PRIX WEPLER - FONDATION LA POSTE 2010

la selection

  • Jacques Abeille, Les Jardins Statuaires, Éditions Attila

  • Pierre Alferi, Après vous, Éditions P.O.L

  • Lutz Bassmann, Les aigles puent, Éditions Verdier

  • Thierry Beinstingel, Retour aux mots sauvages, Éditions Fayard

  • Claro, CosmoZ, Éditions Actes Sud

  • Christian Estèbe, Des nuits rêvées pour le train fantôme, Éditions Finitude

  • Éric Faye, Nagasaki, Éditions Stock

  • Jérôme Ferrari, Où j’ai laissé mon âme, Éditions Actes Sud

  • Alain Fleischer, Imitation, Éditions Actes Sud

  • Thomas Heams-Ogus, Cent seize chinois et quelques, Éditions du Seuil

  • Linda Lê, Cronos, Éditions Christian Bourgois

  • Yves Ravey, Enlèvement avec rançon, Éditions de Minuit

le jury

  • Bernadette Baudouin, lectrice (détenue au Centre pénitentiaire de Rennes)

  • Dominique Boutel, journaliste (France Musique)

  • Viktor Cohen, lecteur

  • Jonathan Cordier, lecteur

  • Jérôme Goude, critique littéraire (Matricule des Anges)

  • Caroline Loustalot, libraire (Librairie des Abbesses)

  • Cécilia Mazur, lectrice

  • Annelise Ouvrard Pascaud, lectrice et auteure

  • Frédérique Vannier, lectrice (La Poste)

  • Nicolas Vivès, libraire (Ombres Blanches)

  • Marie-Rose Guarniéri, fondatrice du Prix Wepler-Fondation La Poste

  • Élisabeth Sanchez, secrétaire générale du Prix Wepler-Fondation La Poste

LE LAURÉAT

Linda Lê - Cronos, Éditions Christian Bourgois

LA MENTION SPÉCIALE

Jacques Abeille - Les Jardins Statuaires, Éditions Attila

Les Discours

Marie-Rose Guarnieri

Ne perdons plus de temps à contester par des discours nos institutions littéraires.
Posons ce soir un acte : oser récompenser deux auteurs de plus que celui que l’on voudrait nous imposer comme l’unique grand auteur français, un auteur fétiche, emblématique de notre époque , tellement identifiable sur la carte de notre territoire et ce dès le mois de juin….Pourquoi publier 700 roman pour ne parler que d’un ? Cessons le simulacre d’une course aux prix et d’une surprise jouée d’avance. Fuyons le doigt qui aujourd’hui décrète, assigne, désigne la littérature, regardons en dehors, ailleurs.
Ce soir, ce ne sera pas un livre, POINT mais deux livres de plus, VIRGULE.

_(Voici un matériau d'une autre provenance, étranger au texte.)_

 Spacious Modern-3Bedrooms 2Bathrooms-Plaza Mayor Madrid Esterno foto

Ne discutons plus, agissons, donnons 10000 et 3000 euros à deux auteurs pour qu’ils continuent d’écrire grâce à la Fondation de la Poste.

Ne discutons plus, agissons, enivrons-nous grâce à Michel Bessière, son équipe et la magnifique et généreuse brasserie WEPLER.

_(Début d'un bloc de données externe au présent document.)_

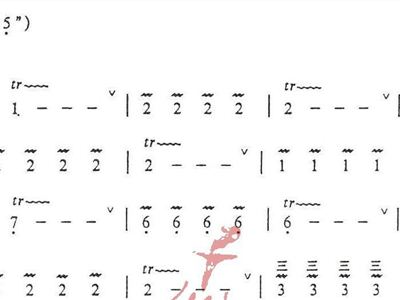 颤音曲谱_魔鬼的颤音曲谱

Enivrons-nous d’astres littéraires plus lointains, plus rares, entendons la bruyante solitude d’auteurs, endurants, exigeants, ardents, enivrons-nous car ils sont bien le printemps de cet automne.

Enivrons-nous car ce Prix n’est pas une consolation, il n’y en a pas, continuons, c’est TOUT.

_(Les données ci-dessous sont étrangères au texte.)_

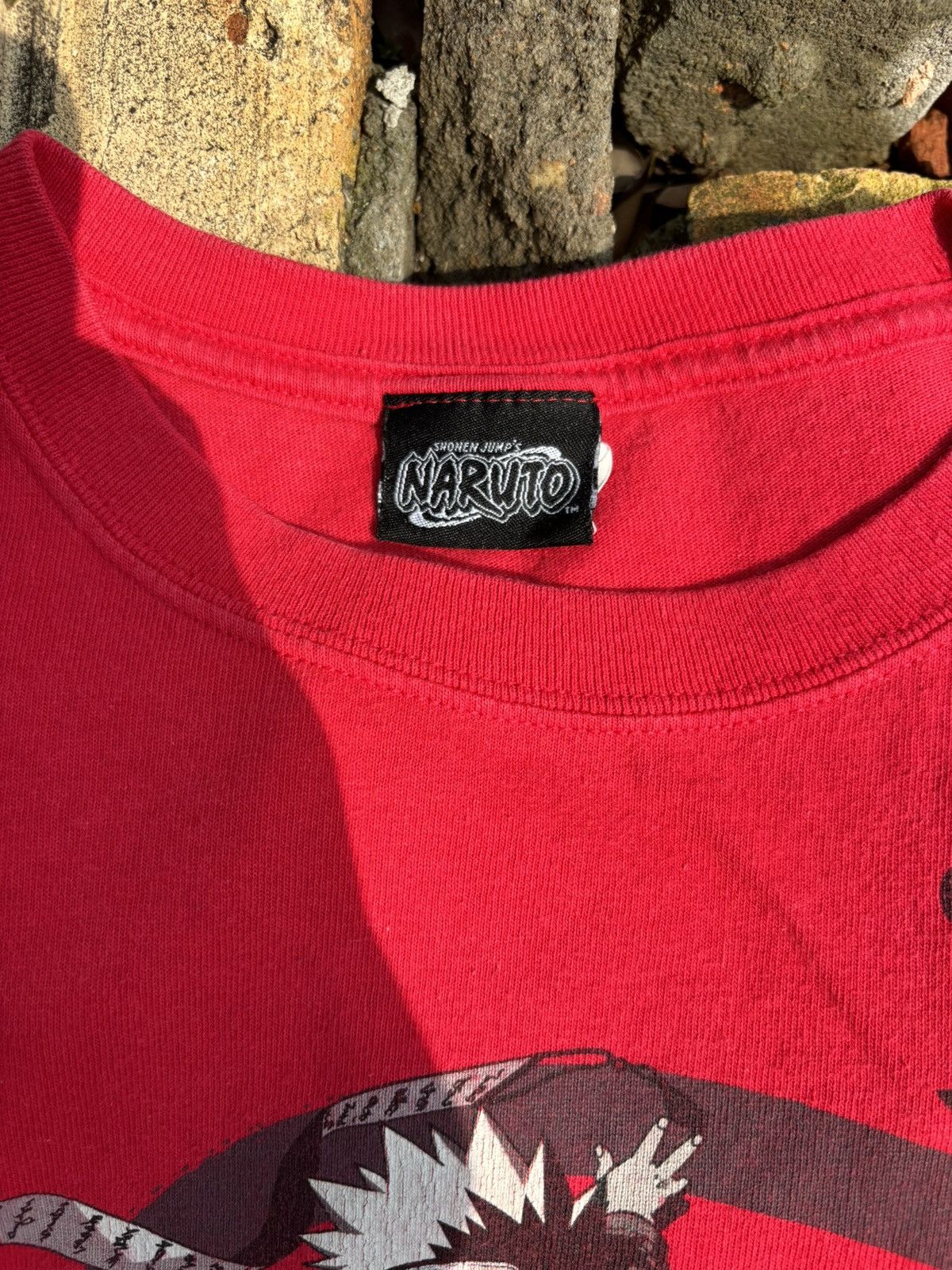 Japanese Brand Naruto red Size US XL / EU 56 / 4 - 2 Thumbnail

Je vous demande à tous en sortant demain de parler de ces Ecrivains, de nous relayer, de faire état de leur existence.

Aujourd’hui, nous sommes à l’ère du « Tu vends ou tu meurs », ET vous tous ce soir, depuis treize ans, vous êtes notre plus grand, notre plus précieux média, PROUVEZ-LE !

linda lê

Je suis très émue de recevoir aujourd’hui le prix Wepler/ Fondation de la Poste, parce qu’il récompense un roman différent de ce que j’ai publié jusqu’à présent. Christian Bourgois me rappelait souvent qu’un livre doit susciter un sentiment d’intranquillité. En écrivant une fiction sur l’oppression, la violence et la corruption, mais aussi sur la résistance, j’avais conscience que je pouvais susciter un malaise. Mais j’espérais aussi que cette fable, porteuse d’interrogations sur notre monde actuel, la privation de libertés, les excès du pouvoir, trouverait un écho chez des lecteurs vigilants, prêts à saluer les levées de boucliers lorsque se mettent en marche les machines à écraser l’humanité, comme disait Simone Weil. Face aux formes insidieuses de la dictature, notre tâche est de rester en éveil, de défendre notre droit à la subversion. Dans ce combat, les mots sont de pauvres armes, mais les écrivains que j’admire, les maquisards de la littérature, ont de tout temps ferraillé pour se dresser contre la réaction. Je tiens à leur rendre hommage ici, car c’est en suivant leurs traces que j’ai imaginé une Antigone déterminée à sortir de son fatalisme et à engager une lutte pour ne plus courber l’échine et accepter l’innommable. Même dans nos sociétés dites démocratiques, notre chance réside dans notre incessante quête d’une voie pour l’insubordination. L’Antigone qui sommeille en nous n’attend pas d’être acculée pour se manifester au grand jour.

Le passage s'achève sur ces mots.